CF 71A - Way Too Long Words
We are given several lowercase words and must shorten only the ones that are considered "too long". A word is too long if its length is greater than 10. The shortening rule is very specific.
Rating: 800
Tags: strings
Solve time: 1m 28s
Verified: yes
Solution
Problem Understanding
We are given several lowercase words and must shorten only the ones that are considered "too long". A word is too long if its length is greater than 10.
The shortening rule is very specific. We keep the first character and the last character, then replace everything in between with the count of removed characters. For example, "localization" has 12 characters, so we keep 'l' and 'n', and there are 10 characters between them. The result becomes "l10n".
Each input word is processed independently. For every word, we either print it unchanged or print its abbreviation.
The constraints are very small. There are at most 100 words, and each word has length at most 100. Even a straightforward character-by-character solution easily fits within the limits. The total amount of text processed is tiny, so any linear-time approach is more than enough.

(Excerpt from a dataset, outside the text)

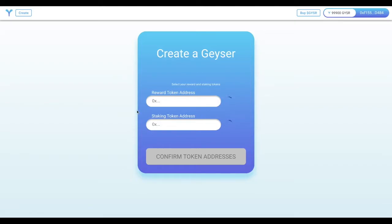Hey everyone, this is Alex from Geyser coming here today to talk about how to create your own Geyser using our web app.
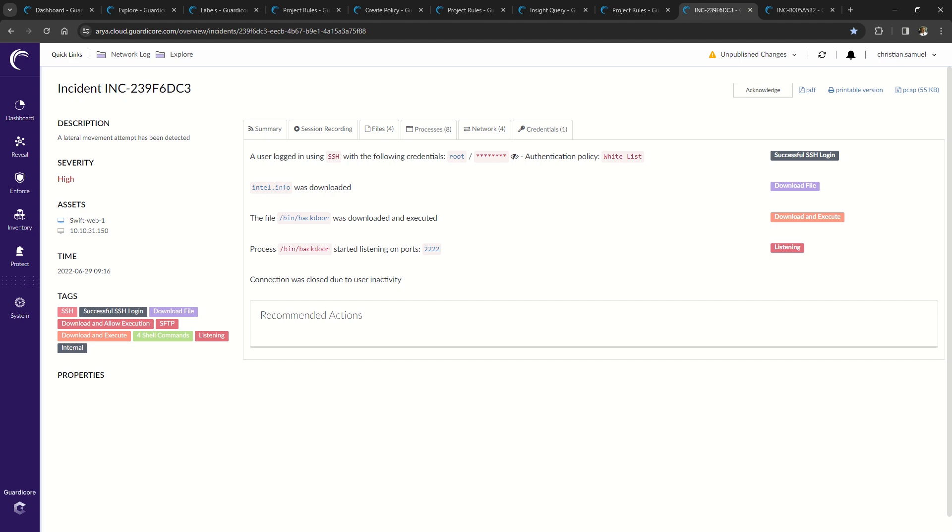During the presentation, I discussed Akamai-hunt, which is a managed threat hunting service which overlays on your existing AGS infrastructure and aligns to Forrester's zero trust pillar of comprehensive security monitoring.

The tricky part is not performance, it is handling the boundary conditions correctly.
One common mistake is abbreviating words whose length is exactly 10. The condition says strictly more than 10.
Example input:
1
abcdefghij
Correct output:
abcdefghij
A careless implementation using >= 10 would incorrectly produce:
a8j
Another mistake is computing the middle count incorrectly. The number inserted is the count of characters between the first and last characters, which is len(word) - 2.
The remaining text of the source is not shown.